Part 3a – Fantasies and anxieties: Superheroes against the banal

Singaporean themes need not be tied to realistic local subject matters and settings. There are plenty of locally made comics with fictional, fantastical and supernatural themes. Narratives involving heroic characters fighting villains or monsters are not mere escapism from the banal reality, but allude to an individual’s struggle against greater challenges presented by one’s social conditions. In particular, fantasies that are set in Singapore can offer alternative criticisms of our society and value system which is very much grounded in materialism and pragmatism. 

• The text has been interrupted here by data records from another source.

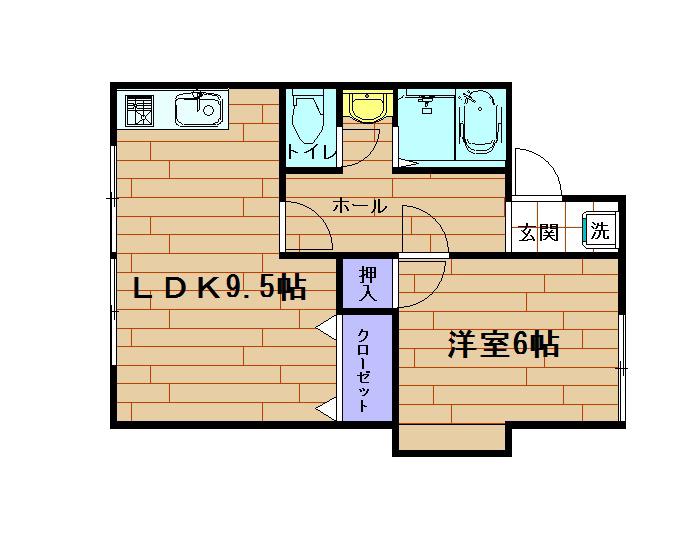 ワインルーフハイツ(1LDK/1階)の間取り写真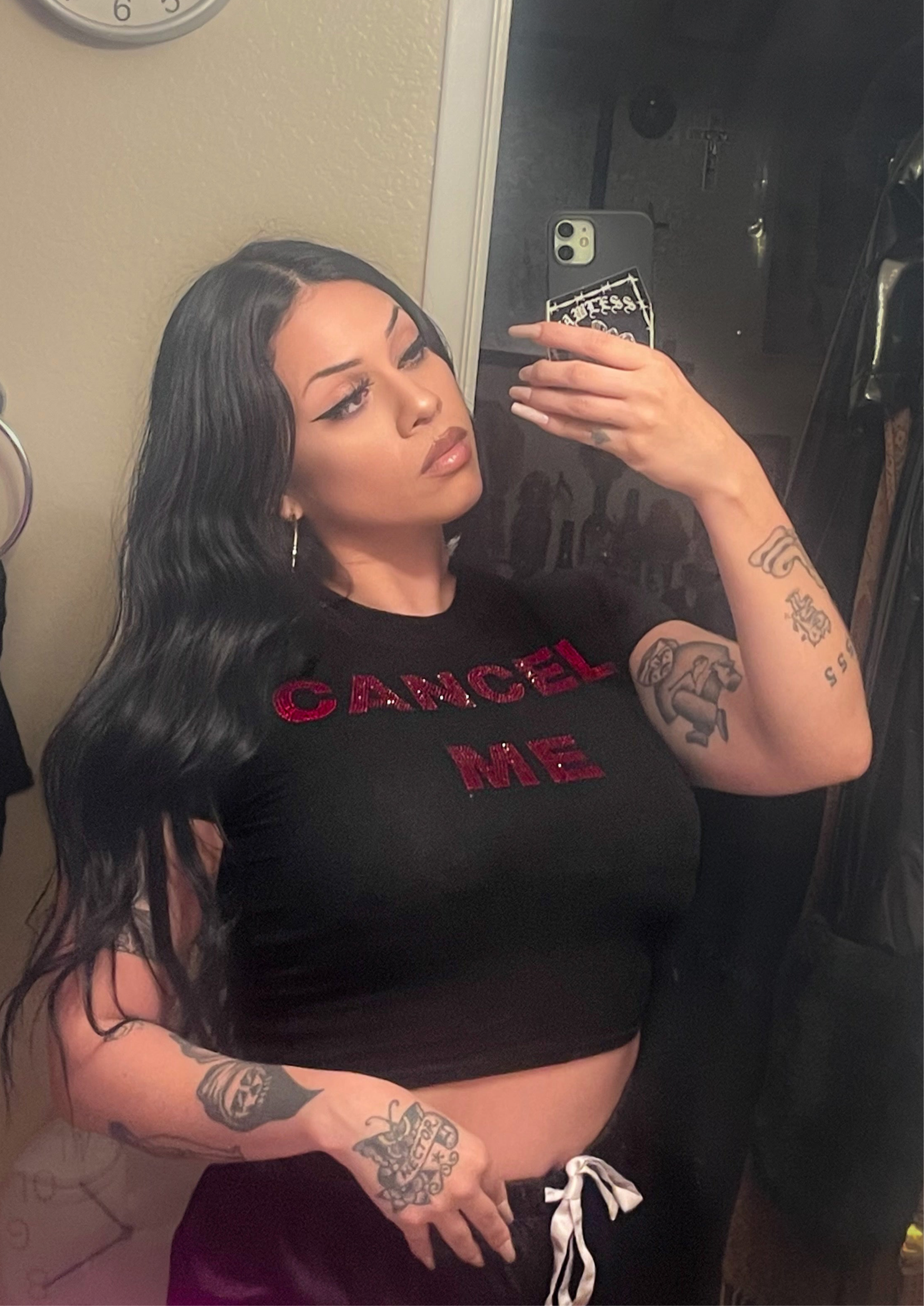 Cancel me rhinestone crop top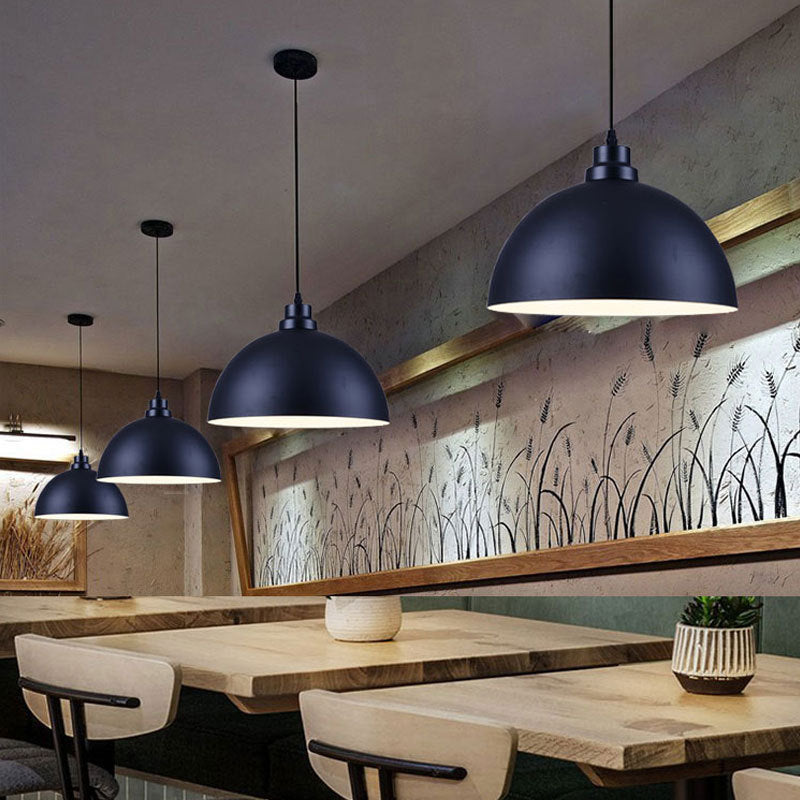 Industrial Iron Dome Pot Lid Pendant Light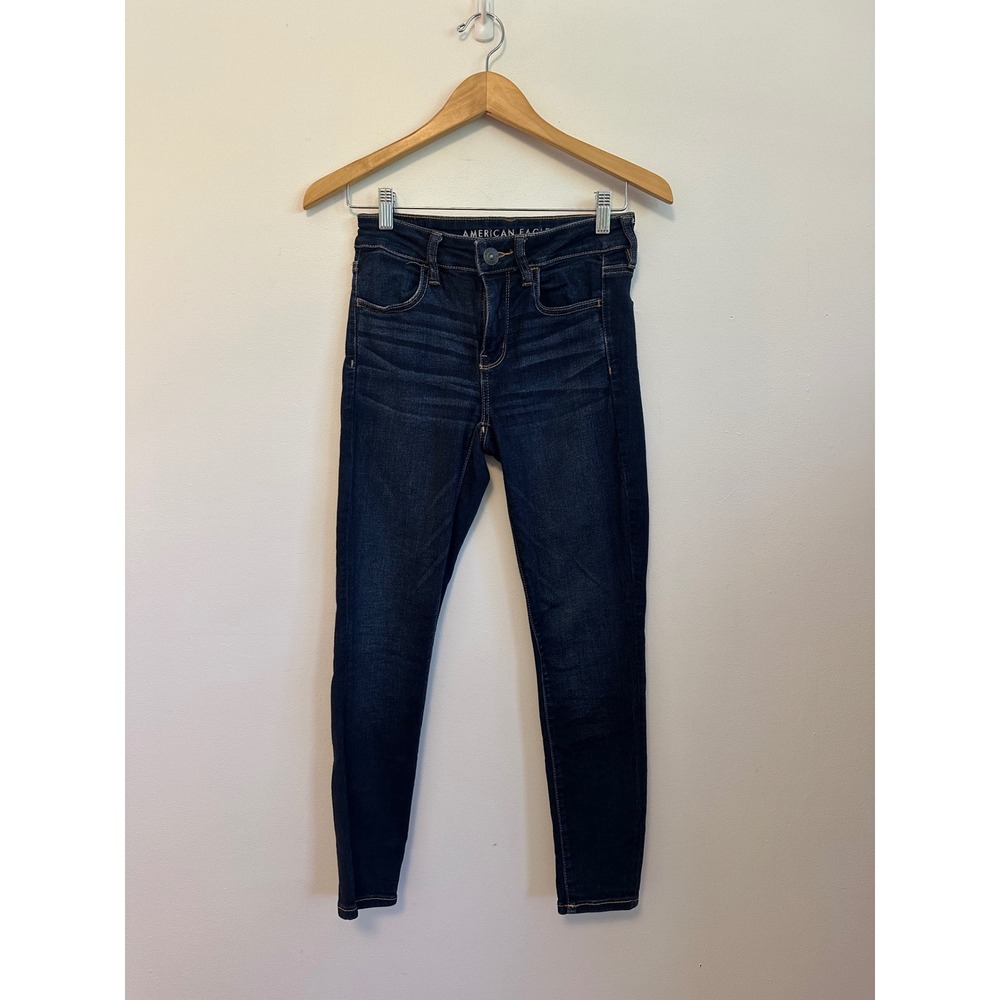 American Eagle Next Level Stretch Skinny Jeans in Dark Indigo | Size 4 Short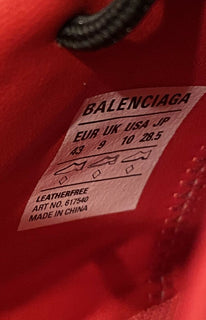 NIB 550 $ Balenciaga Zen-Sneaker für Herren in Rot/Schwarz 10 US (43 Euro) 617540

Due to the availability of a large variety of comic imports from the United States, Europe, and Asia, Singaporean artists enjoy a wide array of stylistic and thematic inspirations and references. This means that artists can choose to illustrate a narrative using conventions derived from manga, American superhero comics, European graphic novels and much more. While these choices are heavily dependent on the types of comics artists were exposed to in their formative years, there also seems to be a demographic correlation between stylistic preferences which echoes our diverse cultural backgrounds. For example, superhero comics are popular with readers and artists who identify English as their preferred language, whereas manga are popular with Mandarin speakers who are more comfortable reading Chinese translations when ChuangYi publishing and Comics Connection proliferated in the 90s and 00s. We will take a closer look at the relationship between consumption, demography and production in a separate article. For now, let us zoom into the various types of fantasy genres and explore how they relate to the Singaporean psyche.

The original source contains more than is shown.